Cicis Franchise · 2025 FDDAnswer from 2025 FDD Document
EXCEPT WITH RESPECT TO ANY CLAIMS, CONTROVERSIES, OR DISPUTES FOR WHICH YOU OWE AN INDEMNITY UNDER THIS AGREEMENT OR OTHERWISE, YOU HEREBY WAIVE, TO THE FULLEST EXTENT PERMITTED BY LAW, ANY RIGHT TO OR CLAIM OR ANY PUNITIVE, EXEMPLARY, INCIDENTAL, INDIRECT, SPECIAL, CONSEQUENTIAL, OR OTHER DAMAGES (INCLUDING LOSS OF PROFITS) AGAINST US AND OUR AFFILIATES, AND THE OFFICERS, DIRECTORS, SHAREHOLDERS, PARTNERS, AGENTS, REPRESENTATIVES, INDEPENDENT CONTRACTORS, SERVANTS, AND EMPLOYEES OF EACH OF US AND THEM, IN THEIR CORPORATE AND INDIVIDUAL CAPACITIES, ARISING OUT OF ANY CAUSE WHATSOEVER (WHETHER SUCH CAUSE BE BASED IN CONTRACT, NEGLIGENCE, STRICT LIABILITY, OTHER TORT, OR OTHERWISE) AND AGREE THAT IN THE EVENT OF A
DISPUTE, YOU WILL BE LIMITED TO THE RECOVERY OF ANY ACTUAL DAMAGES YOU SUSTAIN. IF ANY OTHER TERM OF THIS AGREEMENT IS FOUND OR DETERMINED TO BE UNCONSCIONABLE OR UNENFORCEABLE FOR ANY REASON, THE FOREGOING PROVISIONS OF WAIVER BY AGREEMENT OF PUNITIVE, EXEMPLARY, INCIDENTAL, INDIRECT, SPECIAL, CONSEQUENTIAL, OR OTHER DAMAGES (INCLUDING LOSS OF PROFITS) WILL CONTINUE IN FULL FORCE AND EFFECT.
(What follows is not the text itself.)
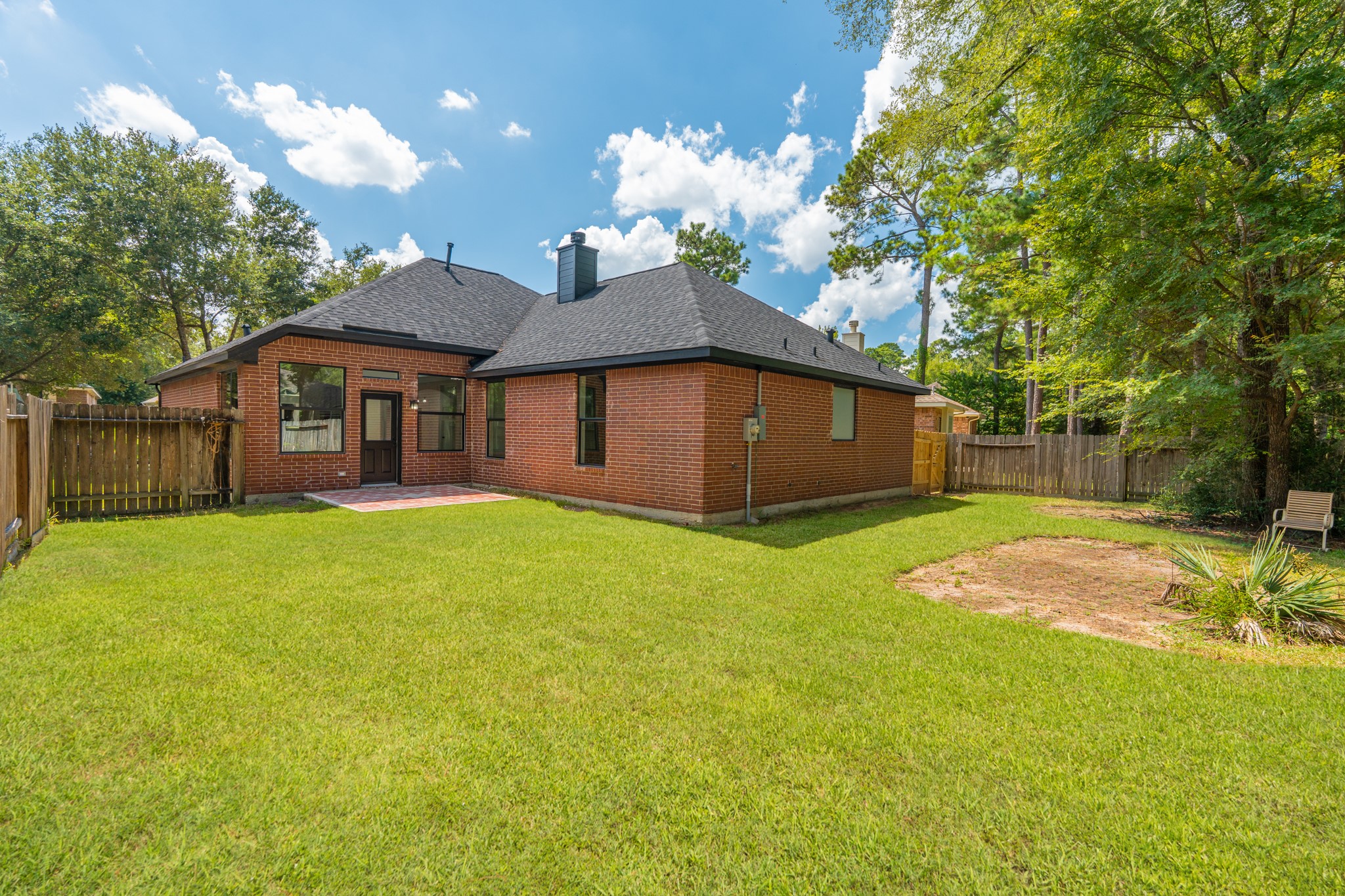 Another angle of the generous backyard at 18 Griffin Hill Court showcases the lush green lawn, mature privacy trees along the perimeter, and the home's solid brick construction. This private outdoor space is the perfect canvas for creating your dream patio, pool area, garden, or outdoor entertainment space in Spring, Texas's warm and sunny climate.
Source: Item 22 — CONTRACTS (FDD pages 64–65)
What This Means (2025 FDD)
According to Cicis's 2025 Franchise Disclosure Document, a franchisee waives the right to claim punitive, exemplary, incidental, indirect, special, consequential, or other damages (including loss of profits) against Cicis and its affiliates. This waiver extends to the officers, directors, shareholders, partners, agents, representatives, independent contractors, servants, and employees of Cicis, both in their corporate and individual capacities.
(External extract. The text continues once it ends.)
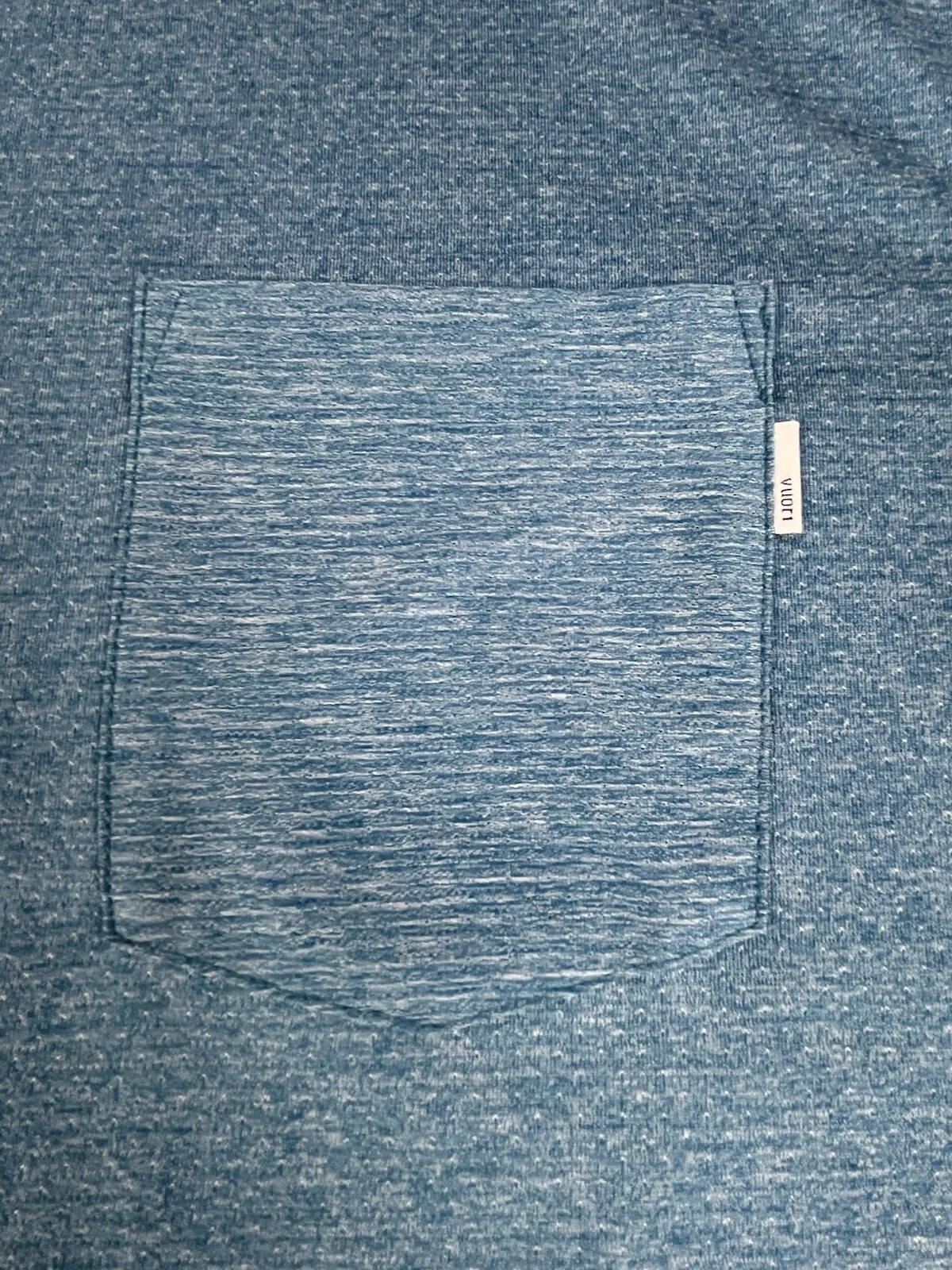 vuori heather tradewind pocket performance gym shirt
This waiver applies to any cause of action, whether based in contract, negligence, strict liability, other tort, or otherwise. The agreement specifies that in the event of a dispute, the franchisee's recovery will be limited to actual damages sustained. This means that a franchisee cannot seek additional compensation for things like lost business opportunities or reputational harm, only direct financial losses.
However, this waiver does not apply to claims, controversies, or disputes for which the franchisee owes an indemnity to Cicis under the Franchise Agreement. Indemnification typically involves compensating Cicis for losses or liabilities the company incurs due to the franchisee's actions or breaches of the agreement. Even if any other term of the agreement is found to be unconscionable or unenforceable, the waiver of punitive, exemplary, incidental, indirect, special, consequential, or other damages (including loss of profits) will remain in full effect.
This clause is significant for prospective franchisees as it limits their potential financial recovery in disputes with Cicis. Franchisees should carefully consider the implications of this waiver and consult with legal counsel to understand their rights and obligations under the Franchise Agreement. It is a fairly common practice in franchising for franchisors to limit their liability in this way, but the specific terms can vary.